Ask Spine Surgeons is a weekly series of questions posed to spine surgeons around the country about clinical, business and policy issues affecting spine care. We invite all spine surgeon and specialist responses. Next week's question: What is the number one thing spine practices should look for in electronic medical records?
Please send responses to Laura Miller at
by Thursday, Nov. 22, at 5 p.m. CST.
Stephen Hochschuler, MD, Chairman, Texas Back Institute Holding Corp.: I would suggest the first change in the healthcare legislation be recalling Obamacare.
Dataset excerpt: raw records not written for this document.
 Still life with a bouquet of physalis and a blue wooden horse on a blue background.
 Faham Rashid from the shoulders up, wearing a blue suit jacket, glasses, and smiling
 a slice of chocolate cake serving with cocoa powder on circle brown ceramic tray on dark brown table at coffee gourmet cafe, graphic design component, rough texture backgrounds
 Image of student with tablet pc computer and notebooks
It's too expensive with too much pork barrel rolled in. I would also suggesting revamping medical malpractice insurance to better represent the patient and limited but fair legal reward.
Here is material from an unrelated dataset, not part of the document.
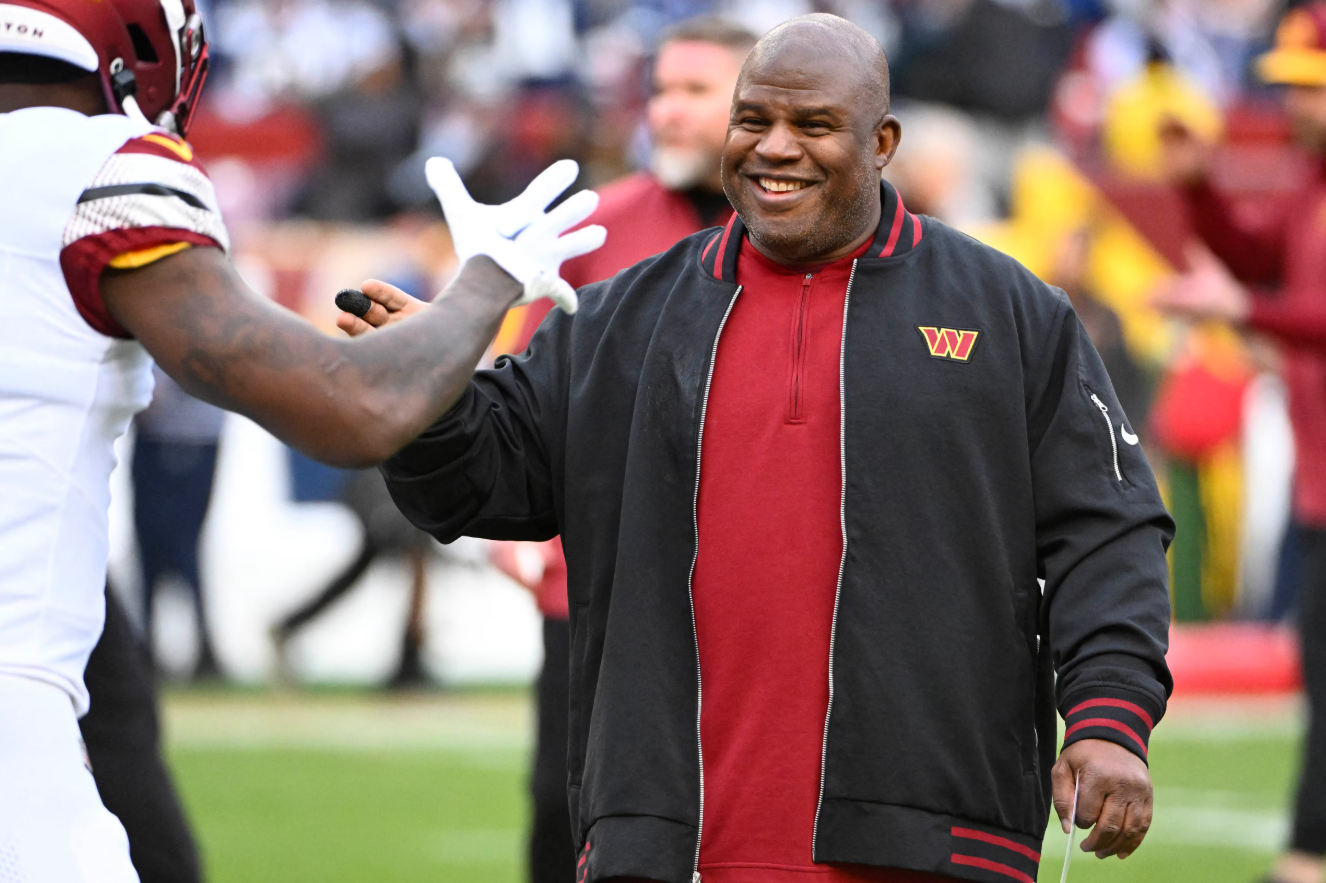 Washington Commanders offensive coordinator Eric Bieniemy on the field before the game against the Dallas Cowboys at FedExField in Landover, Maryland, Jan. 7, 2024.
Hooman Melamed, MD, Orthopedic Spine Surgeon, Marina Del Rey (Calif.) Hospital: If all hospitals and physicians are getting reimbursed less, then the insurance companies should as a result become less profitable. There must be a cap on the steady rise of co-pays, deductibles and premiums. It is important for there to be policing and auditing of insurance companies who are more frequently denying procedures, especially spine treatments, for patients by using the term "not medically necessary."
Unfortunately, Medicare and Medi-Cal fraud is much too prevalent and it must be more thoroughly investigated. In addition, there must tort reform on medical liability. Millions of dollars are wasted every year by doctors practicing defensive medicine.
Thomas Schuler, MD, President and Founder, Virginia Spine Institute, Reston: Now that the election is over and Barack Obama won, ObamaCare is a reality. The confusion for business and states was whether they would repeal or change ObamaCare; now it's here to stay. Everyone needs to come to grips with what this means. A fundamental paradigm shift is occurring in U.S. healthcare. The government is asking physicians to do what is best for society not what is best for the individual patient! Currently, the law does not clearly define all obligations. Much uncertainty exists. Physicians have ambiguity on how it will impact their practices.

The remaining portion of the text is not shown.